* **WHAT IS BEING ASKED**
Everything in the records below must be repeated exactly, except the pictures.

* **DATA**
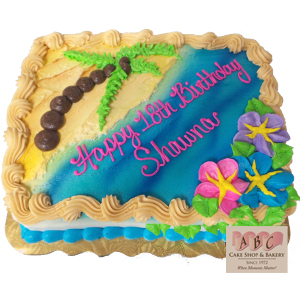 Beach Themed Sheet Birthday Cakes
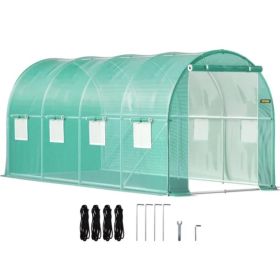 VEVOR Walk-in Tunnel Greenhouse, 14.8 X 6.6 X 6.6 Ft Portable Plant Hot House W  Galvanized Steel Hoops, 1 Top Beam, Diagonal Poles, Zippered Doo (Option: Default)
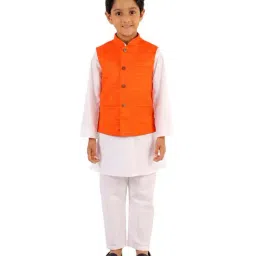VASTRAMAY Kids Orange & White Textured Kurta Set-image-87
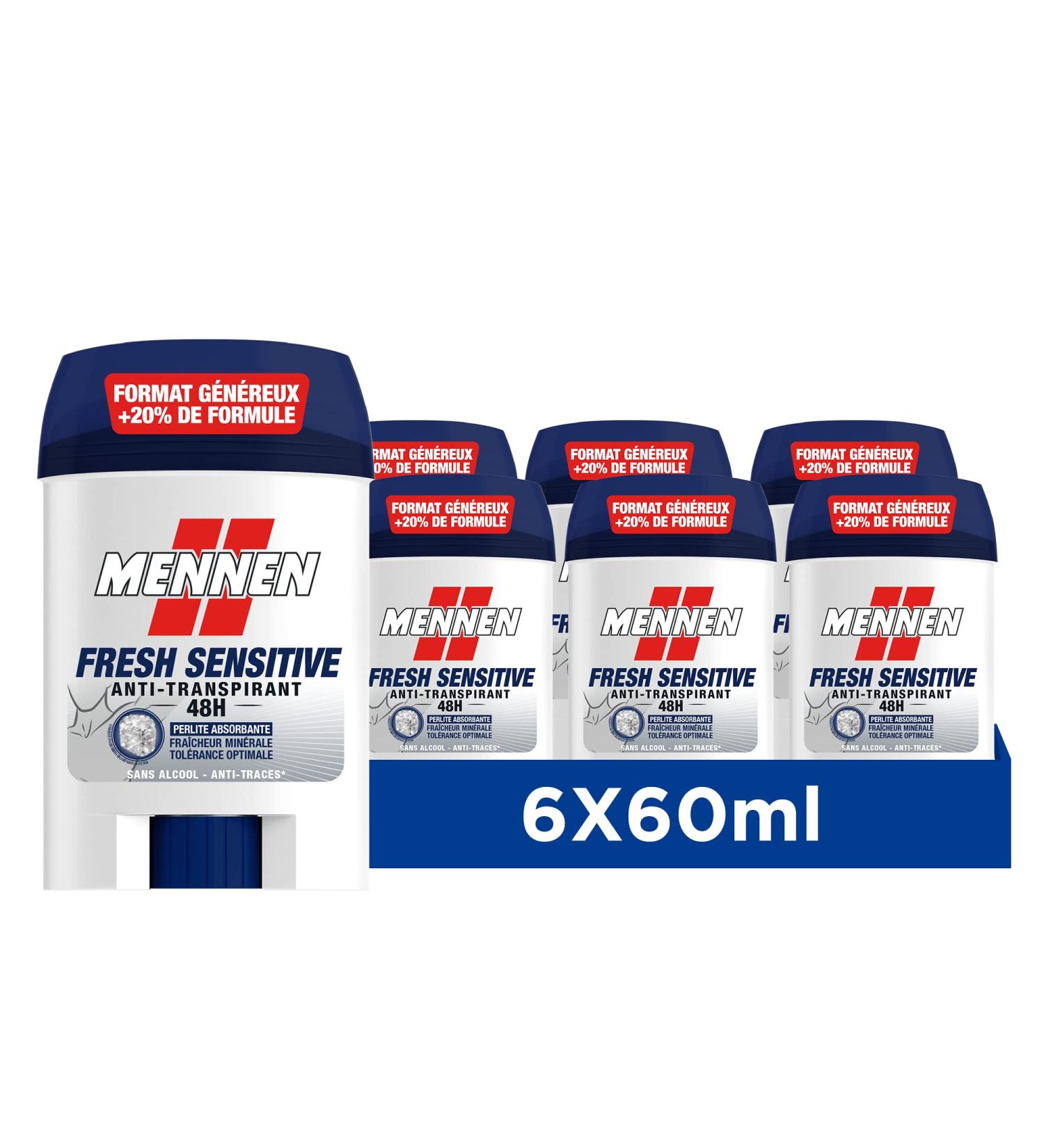 Mennen FRESH SENSITIVE Antiperspirant for men 48H large stick without alcohol - Pack of 6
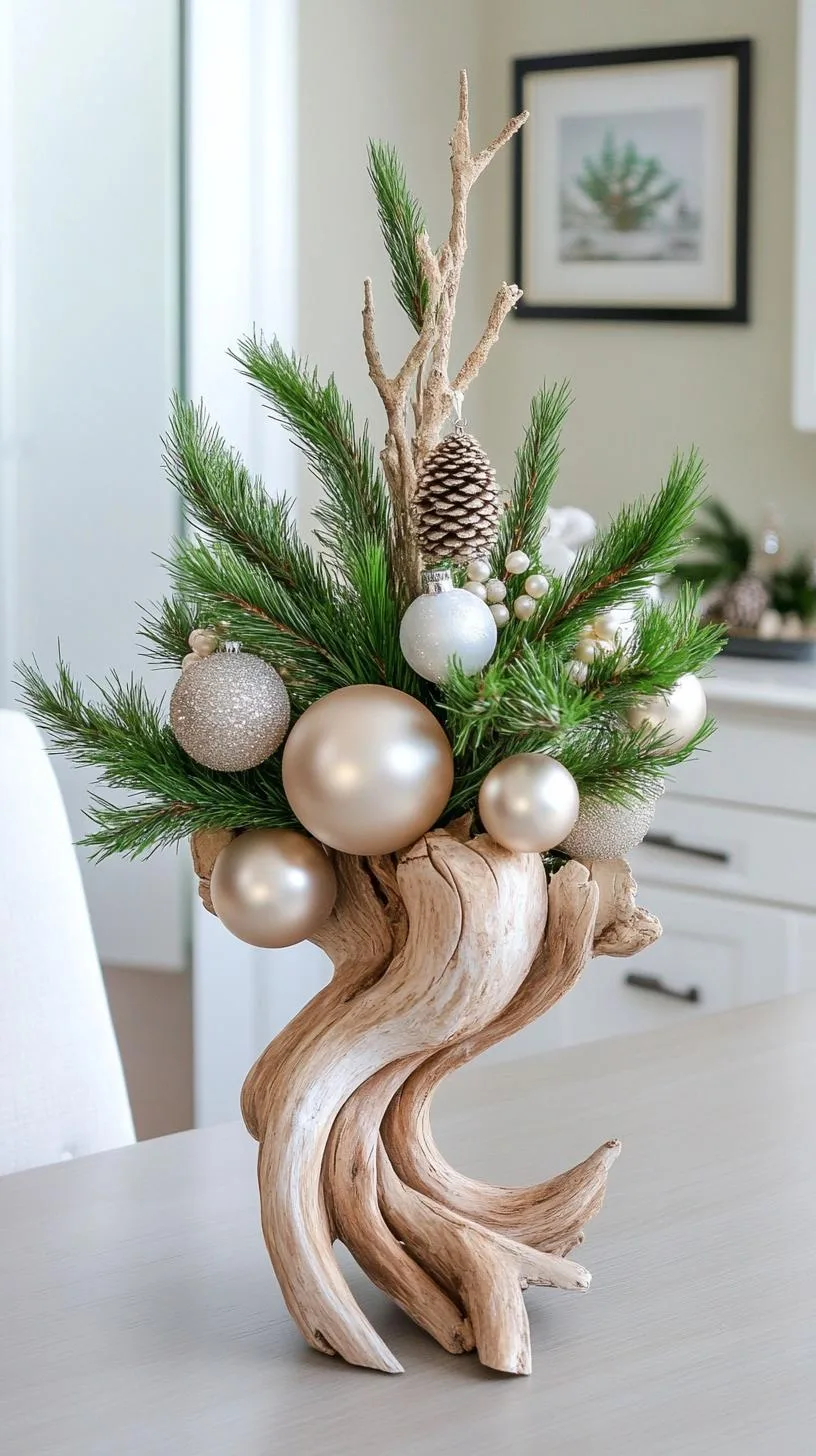 15 Stunning Winter Centerpieces to Transform Your Table 62 13. Silvery Driftwood Display: Use a long piece of driftwood, with a silvery finish, adorned with tiny pine branches and pearl-like ornaments-1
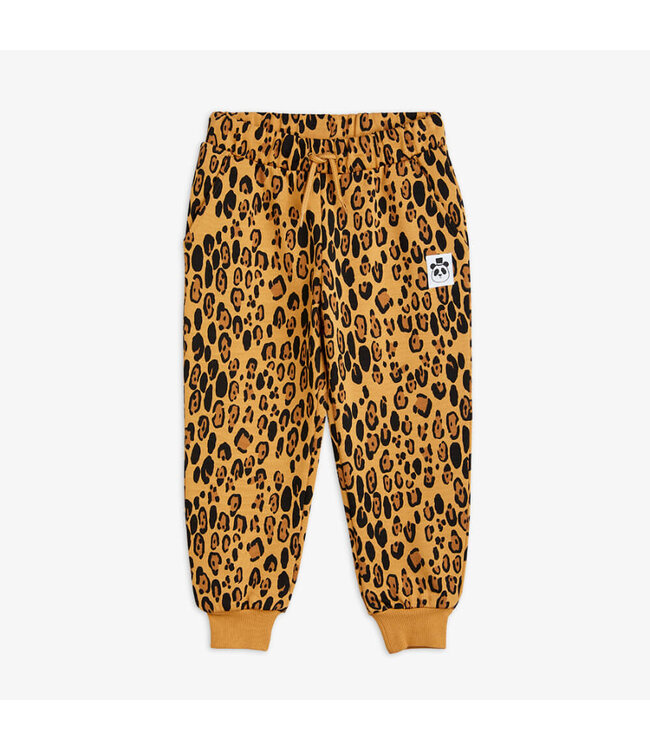 Basic leopard sweatpants Beige by Mini Rodini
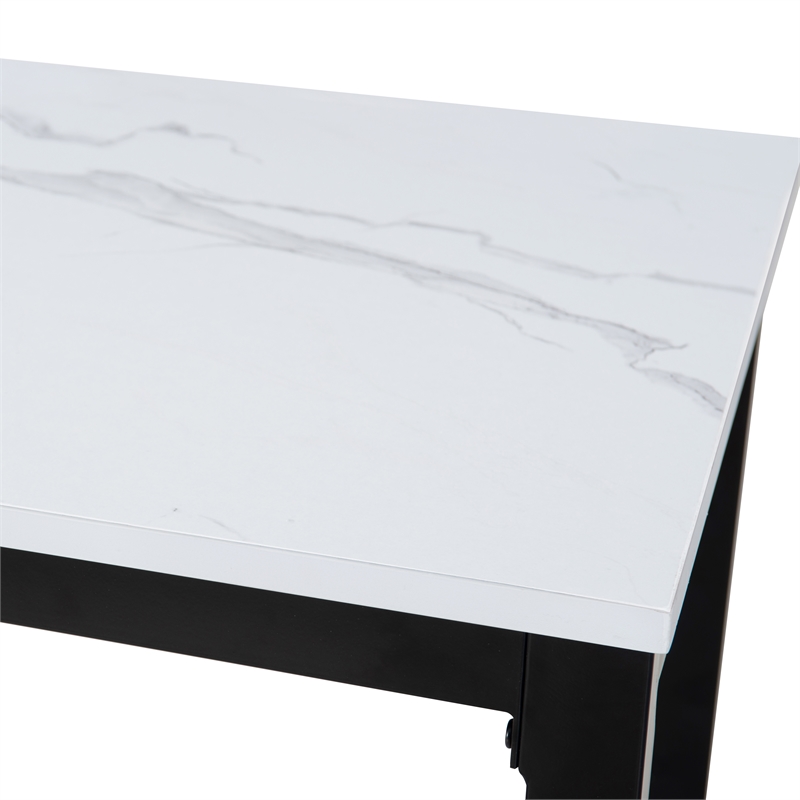 Betty 3 Piece Faux Marble Pub Set with 2 Padded Stools in Black Steel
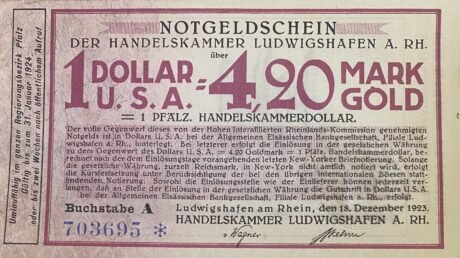 Аверс банкноты 4,20 Goldmark Handelskammer (Niemcy) 1923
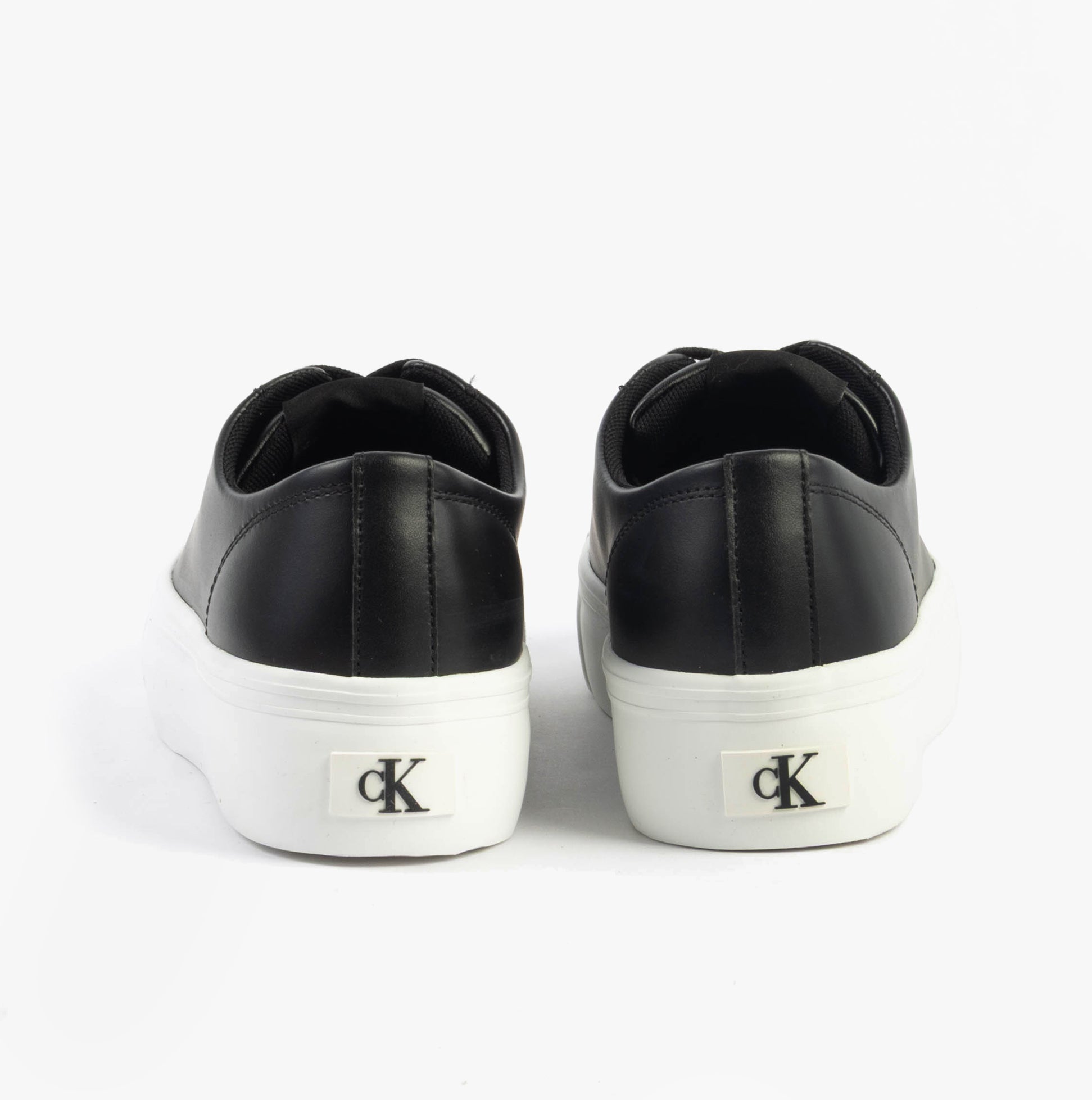 Calvin Klein VULC FLATFORM LOW Womens Trainers Black/Bright White rear view showing platform sole and logo.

* **EXERCISE RESPONSE**
 Beach Themed Sheet Birthday Cakes
 VEVOR Walk-in Tunnel Greenhouse, 14.8 X 6.6 X 6.6 Ft Portable Plant Hot House W  Galvanized Steel Hoops, 1 Top Beam, Diagonal Poles, Zippered Doo (Option: Default)
VASTRAMAY Kids Orange & White Textured Kurta Set-image-87
 Mennen FRESH SENSITIVE Antiperspirant for men 48H large stick without alcohol - Pack of 6
 15 Stunning Winter Centerpieces to Transform Your Table 62 13. Silvery Driftwood Display: Use a long piece of driftwood, with a silvery finish, adorned with tiny pine branches and pearl-like ornaments-1
 Basic leopard sweatpants Beige by Mini Rodini
 Betty 3 Piece Faux Marble Pub Set with 2 Padded Stools in Black Steel
 Аверс банкноты 4,20 Goldmark Handelskammer (Niemcy) 1923
 Calvin Klein VULC FLATFORM LOW Womens Trainers Black/Bright White rear view showing platform sole and logo.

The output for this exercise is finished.